Some interesting comments, thanks for the thought that everyone has put into this thus far. We're most likely just going to do a stock rebuild of the engine, although we're focusing on suspension choices right now, since the car will need to be a roller when it gets completed at the body shop. Just wanted to comment on some of the thoughts that people brought up.
Keep it Stock.
Now that I'm firmly in the second half of my car-guy life, actuarially speaking, I am coming down harder every day on the side of originality. My rationale is pretty simple: it seems to me that the ultimate goal of any connoisseur is to develop an epicurean appreciation for a 'artist's' best work within his historical period, and relative to his peers. I view your Guilia as a kind of time machine that transports you back to what was state of the art in the mid sixties. You can align your perceptions with the journalist reviews, race results, styling comparables of the day, and it teaches you about the car's place in history from the perspective of taste, performance, engineering/manufacturing standards, and, really, automotive anthropology (how driving enthusiasts 'encountered' the car in that timeframe). The moment you begin to 'modernize,' 'update,' 'improve' the car, you deny yourself that opportunity. It doesn't mean you can't enjoy the car, of course you can, and it will be wonderful, but it won't be a connoisseur's experience of the maker's art.
I thought this was an interesting opinion and I appreciate you sharing. From my experience of driving vintage cars, it's evident that they're all flawed. They all have problems and short-comings that are evident from the factory, and even more so today in comparison to modern cars. Sometimes those flaws and shortcomings can be mitigated or even eliminated, but at the end of the day those flaws and shortcomings are some of the appeal of owning and driving a vintage car. Driving a vintage car is an immersive experience, and the good can't be taken in isolation, it's the whole experience. All the little characteristics and idiosyncrasies that bring out the character and spirit of the car and differentiate it from everything else.
We live in a time of highly boring, very similar looking cars with different badges but not different engineering background. Cars of today are machines and computers on wheels, but don't have any soul or any own character.
If performance would be enthusiast's only choice, we all should drive F1 cars or Superbikes. Your wife's Benz has not even 5℅ of emotional potential of an 105 series Alfa.
I completely agree with the sentiment you describe here. Modern cars are bland and un-interesting. They remove the driving experience from the driver and transfer it to a computer. You can drive a modern car pretty much anyway you want, because they'll cooperate and adapt to your driving style. Vintage cars require a particular driving style to get the best out of them, and impart their own soul and character on the driver as you put it. Also in addition, modern cars are over-powered and over-weight and as a result hide the bulk of the driving experience.

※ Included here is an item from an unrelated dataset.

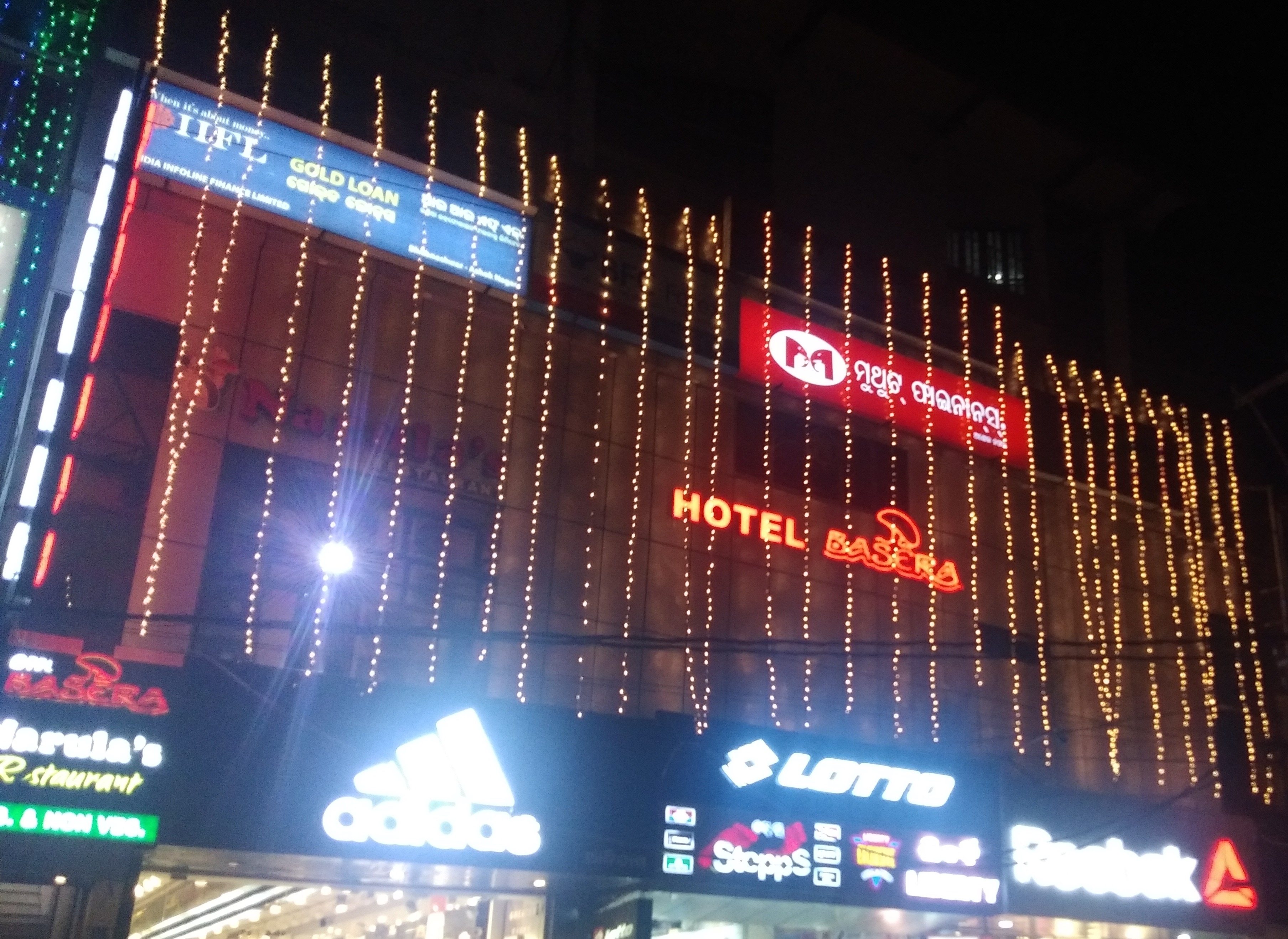 Hotel Basera - Tap to explore photos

But a daily or fun car that the factory might have put out if they weren't held back by bean counters or the reality of the times, a car with modifications that can be un-done, would be a lot of fun, and we see them every day. Example: the sweet Giulia sedan that Our Man had featured on Petrolicious. Is that car wrong? I don't think so. Can it be reversed when it's the last one left? I think so.
I agree. When I was refreshing the suspension on my RX-7, I saw fit to make changes here and there to improve the handling. With the exception of modern shocks and polyurethane bushings, I don't think I made any modifications that your average enthusiast could not have done in the early 80's. I could return the car to stock over a weekend if I wanted to. I think this will be the route we go with my father's GTV. Nothing that violates the spirit of the car, and nothing that isn't easily reversible.